Coordinating Minister for Economic Affairs Airlangga Hartanto stated that the government is offering discounts on airline tickets of up to 17–18 percent, while ferry and train tickets are discounted by 30 percent. This policy is expected to help people better plan their homecoming trips and Eid holidays.
Furthermore, these incentives are part of the government’s strategy to maintain economic growth momentum amidst high public mobility.
Airlangga believes that Indonesia has unique characteristics during the long holiday period. When mobility increases, public spending activity also increases, directly impacting economic growth. Several economic indicators show positive trends ahead of the holiday season.
The consumer confidence index has increased, electronic goods sales have increased, and hotel occupancy rates are high in various tourist destinations.
Previously, Airlangga stated that the government is preparing an economic stimulus package for the period of February to March 2026. The stimulus includes discounts on transportation tickets, toll road tariffs, and the distribution of social assistance.
The total stimulus budget reaches IDR 12.83 trillion. Of this amount, approximately IDR 200 billion is allocated for transportation discounts. The budget for social assistance and other stimulus measures reached approximately IDR 12 trillion.
On February 6, 2026, the government officially established a 100% Government-Borne Value Added Tax (PPN DTP) incentive for airline tickets during the 2026 Eid al-Fitr holiday period through Minister of Finance Regulation (PMK) Number 4 of 2026. This policy is intended to make ticket prices more affordable for the public.
“To maintain public purchasing power and stimulate the national economy, especially during the Eid al-Fitr 1447 Hijri holiday period, the government is providing several economic incentives, one of which is a value-added tax incentive for the provision of scheduled domestic economy-class commercial air transportation services, borne by the government in the 2026 fiscal year,” states the considerations section of PMK Number 4 of 2026.
Article 2 of the regulation explains that the government will cover 100% of the VAT on the base fare and fuel surcharge for economy-class airline tickets for domestic flights. This incentive is available for ticket purchases from February 10 to March 29, 2026, with a travel period from March 14 to March 29, 2026.
From an administrative perspective, air transportation companies are required to continue issuing Tax Invoices or documents equivalent to Tax Invoices and to report VAT DTP in their Periodic VAT Tax Returns (SPT).
Airlines are also required to submit a detailed list of VAT DTP transactions electronically through the website provided by the Directorate General of Taxes, no later than May 31, 2026. If this reporting obligation is not met by the deadline, the VAT DTP facility will be forfeited.
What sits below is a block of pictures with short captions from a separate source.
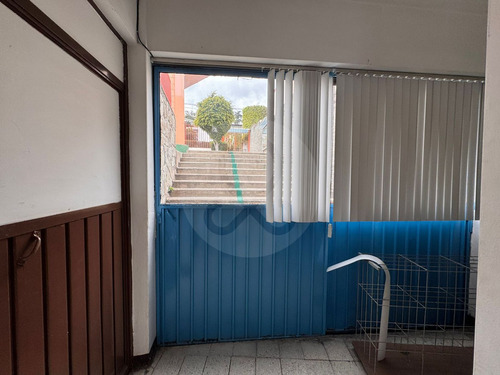 Vista Del Valle: Edificio En Venta Con Alberca, Ideal Para Escuelas.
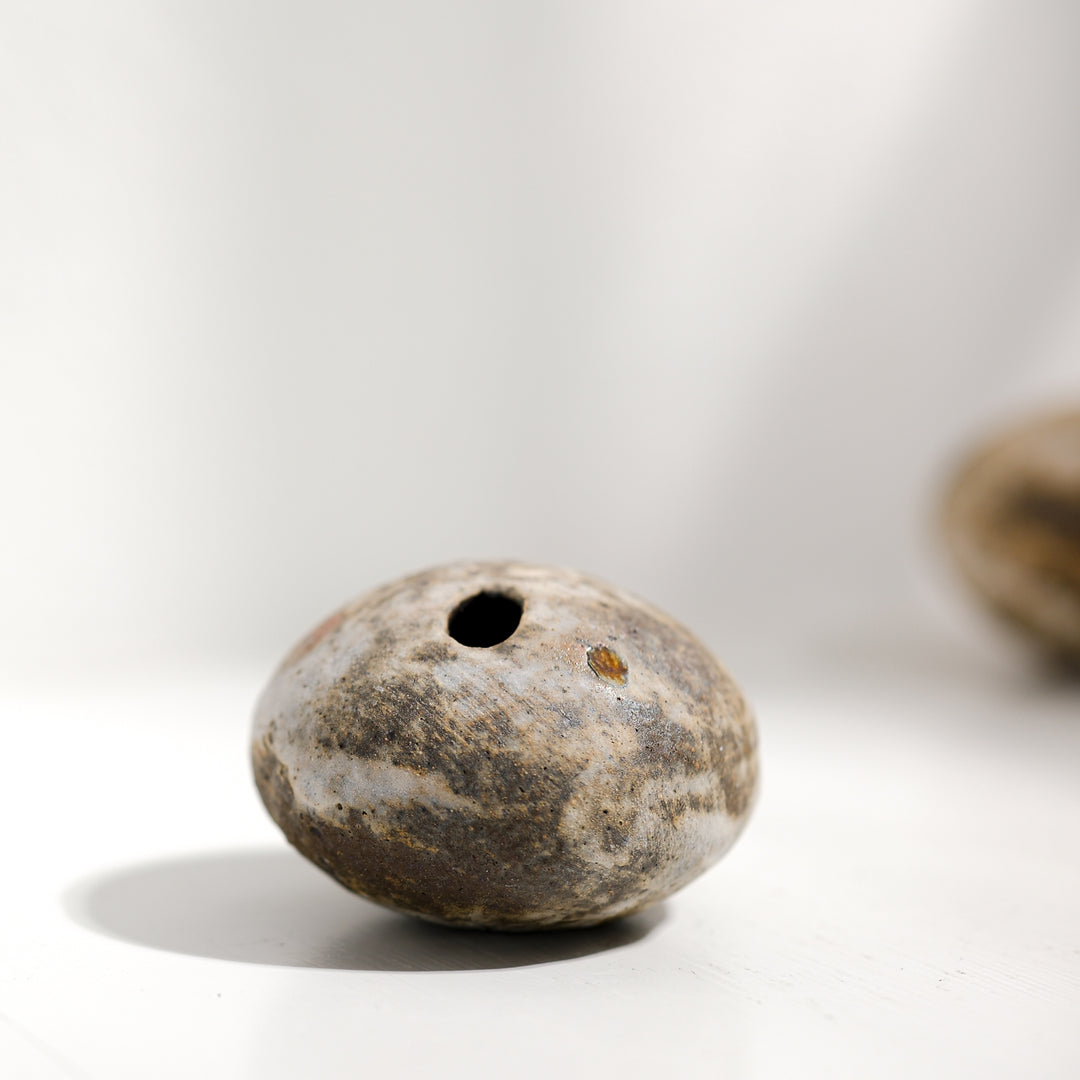 Tomoko Iwata,  Vase, Kieselform | japanische Keramik (TI29)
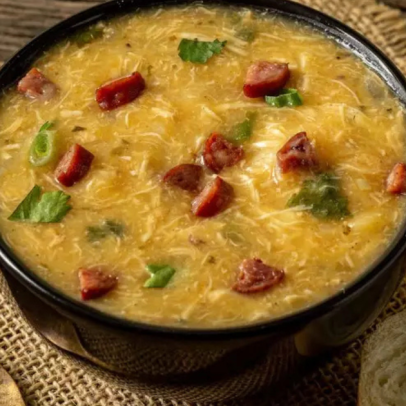 Caldo de kenga: receita mineira cremosa para os dias frios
“Air Transportation Business Entities, as Taxable Entrepreneurs providing Domestic Scheduled Economy Class Commercial Air Transportation services, are required to issue Tax Invoices or Certain Documents Equivalent to Tax Invoices and submit Periodic VAT Returns in accordance with the provisions of tax laws and regulations,” reads Article 4, Paragraph 1.
However, this government-borne VAT facility does not apply to additional services such as extra baggage and seat selection. VAT is still levied on passengers for these additional services in accordance with applicable tax regulations.
Eid alwaysBringing new hope for togetherness, caring, and a spirit of sharing. The homecoming ticket discount policy is a concrete example of the government’s efforts to be present among the people, not only through regulations but also through policies that directly impact daily life. Amidst economic challenges and the dynamics of public mobility, this step symbolizes the government’s understanding and response to the needs of its citizens.
Ultimately, homecoming is not just a journey home, but a journey full of values: values of family, tradition, and a sense of belonging to one’s homeland. When the government facilitates this journey, Eid al-Fitr becomes not only a blessing for individuals and families, but also for the nation as a whole. The homecoming ticket discount policy reflects the synergy between social, economic, and cultural interests in a single moment that unites Indonesia.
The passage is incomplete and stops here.